For Raytheon CEO Tom Kennedy, artificial intelligence is perhaps the greatest source of potential, and worry. “There’s a term that came out of Air Force originally called the OODA loop—observe, orient, decide, act,” he says. “The person who wins on the battlefield is the person whose OODA loop is fastest. Artificial intelligence and machine learning aid humans in terms of observing, orienting, deciding, and acting faster.”
So Raytheon’s engineers focus on enabling software to learn from past experiences and available intel about the adversary (including what intel the adversary has) to arrive at better decisions than a human could, and faster.

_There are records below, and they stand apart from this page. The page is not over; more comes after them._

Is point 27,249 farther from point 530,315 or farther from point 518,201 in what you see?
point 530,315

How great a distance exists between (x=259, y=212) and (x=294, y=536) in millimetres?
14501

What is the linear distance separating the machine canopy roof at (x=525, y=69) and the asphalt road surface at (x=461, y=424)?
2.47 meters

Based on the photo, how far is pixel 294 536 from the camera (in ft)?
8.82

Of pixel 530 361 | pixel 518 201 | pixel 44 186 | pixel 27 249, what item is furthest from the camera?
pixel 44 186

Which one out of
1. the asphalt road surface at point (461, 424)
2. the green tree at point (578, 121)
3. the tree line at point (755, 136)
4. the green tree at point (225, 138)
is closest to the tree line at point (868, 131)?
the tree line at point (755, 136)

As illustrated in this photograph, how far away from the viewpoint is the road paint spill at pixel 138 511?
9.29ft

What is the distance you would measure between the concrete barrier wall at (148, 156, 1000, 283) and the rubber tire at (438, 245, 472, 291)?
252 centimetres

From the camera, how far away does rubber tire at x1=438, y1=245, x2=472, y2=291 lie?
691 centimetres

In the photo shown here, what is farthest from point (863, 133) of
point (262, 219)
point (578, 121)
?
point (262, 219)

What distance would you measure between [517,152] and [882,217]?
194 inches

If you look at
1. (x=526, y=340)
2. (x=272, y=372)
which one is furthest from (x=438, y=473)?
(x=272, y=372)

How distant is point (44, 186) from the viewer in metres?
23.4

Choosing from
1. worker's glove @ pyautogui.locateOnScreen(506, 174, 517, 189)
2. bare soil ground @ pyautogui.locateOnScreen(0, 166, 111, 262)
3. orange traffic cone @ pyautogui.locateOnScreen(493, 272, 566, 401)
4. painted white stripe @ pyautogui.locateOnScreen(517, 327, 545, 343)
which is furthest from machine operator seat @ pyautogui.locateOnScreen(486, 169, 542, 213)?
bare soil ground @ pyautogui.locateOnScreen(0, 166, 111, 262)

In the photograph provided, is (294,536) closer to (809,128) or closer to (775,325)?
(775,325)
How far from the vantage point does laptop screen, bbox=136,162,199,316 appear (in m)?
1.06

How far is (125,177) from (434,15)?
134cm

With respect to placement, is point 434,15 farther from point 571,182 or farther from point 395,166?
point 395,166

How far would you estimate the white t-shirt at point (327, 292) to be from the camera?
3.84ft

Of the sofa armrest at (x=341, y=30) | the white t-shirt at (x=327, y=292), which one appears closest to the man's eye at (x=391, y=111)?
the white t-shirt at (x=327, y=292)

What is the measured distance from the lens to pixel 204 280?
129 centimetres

That could mean grasping the operational layout of the battlefield, assessing threats, and advising on the best courses of action. Meanwhile, the company is using AI to advance more down-to-earth projects, including robotic "insects" whose neural networks are based on that of the octopus and learn to walk and explore on their own.
Another concern on the software front: cybersecurity. Raytheon began taking the matter seriously when it faced its own (unsuccessful) attack. “In 2007 we had a wake-up call as [targets] ourselves, and knew we needed a strategy. First to protect ourselves, then our customers and their data, and then to provide cybersecurity solutions to new customers,” Kennedy says. Raytheon the decade since, it has developed its own effort, Forcepoint, to bulk up its defense. “We wound up acquiring over 14 cybersecurity companies and knitting those together to create defense-grade solutions. You don’t want a Tomahawk missile doing a 180 and coming right back at you.”

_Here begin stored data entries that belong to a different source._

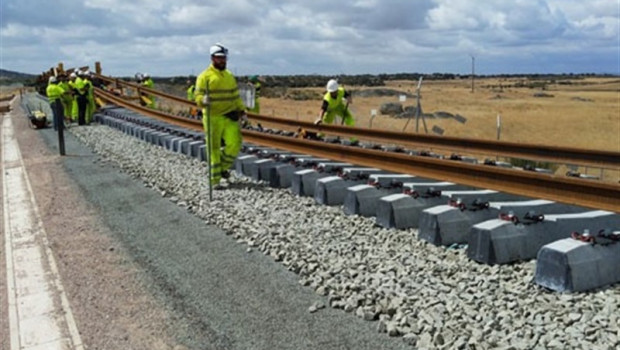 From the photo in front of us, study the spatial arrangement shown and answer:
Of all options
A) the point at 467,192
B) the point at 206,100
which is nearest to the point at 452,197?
the point at 467,192

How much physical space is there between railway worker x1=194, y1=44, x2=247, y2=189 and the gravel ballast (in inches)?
65.3

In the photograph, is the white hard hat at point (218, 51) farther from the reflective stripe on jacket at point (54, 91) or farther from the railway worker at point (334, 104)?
the reflective stripe on jacket at point (54, 91)

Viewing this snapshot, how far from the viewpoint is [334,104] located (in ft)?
45.1

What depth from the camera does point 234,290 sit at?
527 centimetres

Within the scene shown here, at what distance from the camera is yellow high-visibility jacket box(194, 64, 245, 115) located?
9.56 m

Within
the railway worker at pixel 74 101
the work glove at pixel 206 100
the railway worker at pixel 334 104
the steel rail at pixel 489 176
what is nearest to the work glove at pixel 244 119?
the work glove at pixel 206 100

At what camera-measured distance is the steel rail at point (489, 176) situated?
5.61 meters

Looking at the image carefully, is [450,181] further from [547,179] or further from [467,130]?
[467,130]

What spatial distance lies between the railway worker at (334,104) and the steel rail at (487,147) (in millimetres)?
404

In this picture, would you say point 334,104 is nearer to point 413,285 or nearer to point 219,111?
point 219,111

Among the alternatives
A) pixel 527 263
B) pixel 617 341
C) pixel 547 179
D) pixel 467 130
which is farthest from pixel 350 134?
pixel 467 130

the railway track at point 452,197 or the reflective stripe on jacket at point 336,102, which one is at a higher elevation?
the reflective stripe on jacket at point 336,102

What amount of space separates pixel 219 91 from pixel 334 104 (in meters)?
4.48

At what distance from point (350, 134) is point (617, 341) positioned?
958cm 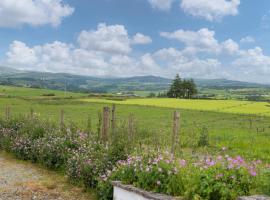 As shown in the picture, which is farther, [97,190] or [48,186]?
[48,186]

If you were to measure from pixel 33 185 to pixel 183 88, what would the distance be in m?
97.2

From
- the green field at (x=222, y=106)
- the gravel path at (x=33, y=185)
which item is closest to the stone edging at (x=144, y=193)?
the gravel path at (x=33, y=185)

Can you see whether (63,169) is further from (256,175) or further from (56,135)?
(256,175)

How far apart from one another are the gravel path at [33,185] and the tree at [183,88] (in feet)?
311

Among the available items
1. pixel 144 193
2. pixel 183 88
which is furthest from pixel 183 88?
pixel 144 193

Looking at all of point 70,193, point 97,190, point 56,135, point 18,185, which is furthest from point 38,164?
point 97,190

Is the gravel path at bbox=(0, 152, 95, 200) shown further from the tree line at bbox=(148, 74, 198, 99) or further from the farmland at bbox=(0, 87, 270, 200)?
the tree line at bbox=(148, 74, 198, 99)

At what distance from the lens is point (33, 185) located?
9.84m

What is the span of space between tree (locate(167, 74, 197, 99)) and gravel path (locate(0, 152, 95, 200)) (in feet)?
311

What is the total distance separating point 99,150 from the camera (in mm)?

Like an iceberg, Kennedy says, many people just see a tiny percent of the cybersecurity problem. Threats from nation-states, organized crime, hacktivists, and corporate or governmental insiders can have grave outcomes—and require new tactics. “Whether it’s from good employees with poor cyber hygiene or someone with ill intent, we need to protect against all of those,” he says. “So our new strategy is to step back and take a look at how people actually use the systems. We’re approaching the problem in terms of the users’ behavior on the network, and letting them do their work in a free way and developing solutions for keeping it safe. Just doing patches every other week is not enough in today’s environment.”

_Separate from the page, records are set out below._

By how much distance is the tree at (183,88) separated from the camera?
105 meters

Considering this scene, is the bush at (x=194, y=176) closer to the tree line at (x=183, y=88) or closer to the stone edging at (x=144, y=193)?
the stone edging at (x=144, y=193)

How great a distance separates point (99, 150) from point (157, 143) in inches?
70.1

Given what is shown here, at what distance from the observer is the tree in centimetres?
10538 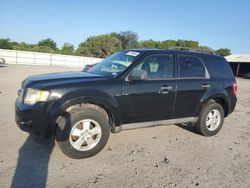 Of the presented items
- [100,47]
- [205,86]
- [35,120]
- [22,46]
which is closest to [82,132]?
[35,120]

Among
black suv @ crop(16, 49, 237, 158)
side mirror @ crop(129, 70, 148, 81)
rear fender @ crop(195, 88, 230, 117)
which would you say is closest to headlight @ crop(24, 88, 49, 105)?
black suv @ crop(16, 49, 237, 158)

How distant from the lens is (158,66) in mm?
4965

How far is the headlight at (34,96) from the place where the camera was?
3.80 m

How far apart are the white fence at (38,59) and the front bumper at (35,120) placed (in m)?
35.2

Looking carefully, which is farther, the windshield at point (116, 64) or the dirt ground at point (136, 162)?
the windshield at point (116, 64)

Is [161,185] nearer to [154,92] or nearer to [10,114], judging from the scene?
[154,92]

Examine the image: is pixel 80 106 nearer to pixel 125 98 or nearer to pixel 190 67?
pixel 125 98

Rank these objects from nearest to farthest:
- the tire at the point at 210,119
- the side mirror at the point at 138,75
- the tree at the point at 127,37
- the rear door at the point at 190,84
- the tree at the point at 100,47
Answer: the side mirror at the point at 138,75 → the rear door at the point at 190,84 → the tire at the point at 210,119 → the tree at the point at 100,47 → the tree at the point at 127,37

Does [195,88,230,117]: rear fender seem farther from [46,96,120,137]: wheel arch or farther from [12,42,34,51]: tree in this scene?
[12,42,34,51]: tree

Of course, tackling problems as complex as cybersecurity and AI requires deep reservoirs of talent, the kind of talent that’s easily lured away from potential defense work to the faster pace and more lucrative world of Silicon Valley giants like Google, Uber, and Apple. Kennedy denies Raytheon has had trouble filling its ranks, and points to the import of their work as a draw.
“We’ve been fighting wars of insurgency and counterterrorism for 20 years, and now our adversaries have unbelievable capabilities that we need to answer,” he says. “We can start with a blank piece of paper and be very creative in developing that next-gen capability. This is game-changing in terms of the security of our nation and the capabilities we provide to our military, and it’s the kind of challenge our engineers love.”
For a taste of that creativity, check out Raytheon’s new laser cannon. Along with conventional missile hardware and hypersonic weapons (which move at multiple times the speed of sound), company engineers are working on what’s also known as “directed-energy systems.” Last month, they shot down a moving target with a laser mounted on an Apache helicopter, the first time a high-energy laser system successfully hit a target from a rotary-wing aircraft over a wide variety of flight regimes, altitudes and air speeds, according to the company. But Kennedy stresses that Raytheon’s work on ballistic-missile defense technology remains the most urgent.
“The world is a scary place, so we absolutely must have new defenses and they must work with coalition nations,” the CEO says. “We’re looking to be able to observe, determine if a launch is going to occur, and then prevent it from ever occurring through different technologies. Or it’s using hypersonic technology to shoot down targets. It’s shooting bullets with bullets. Tell me that developing an app is as hard as that.”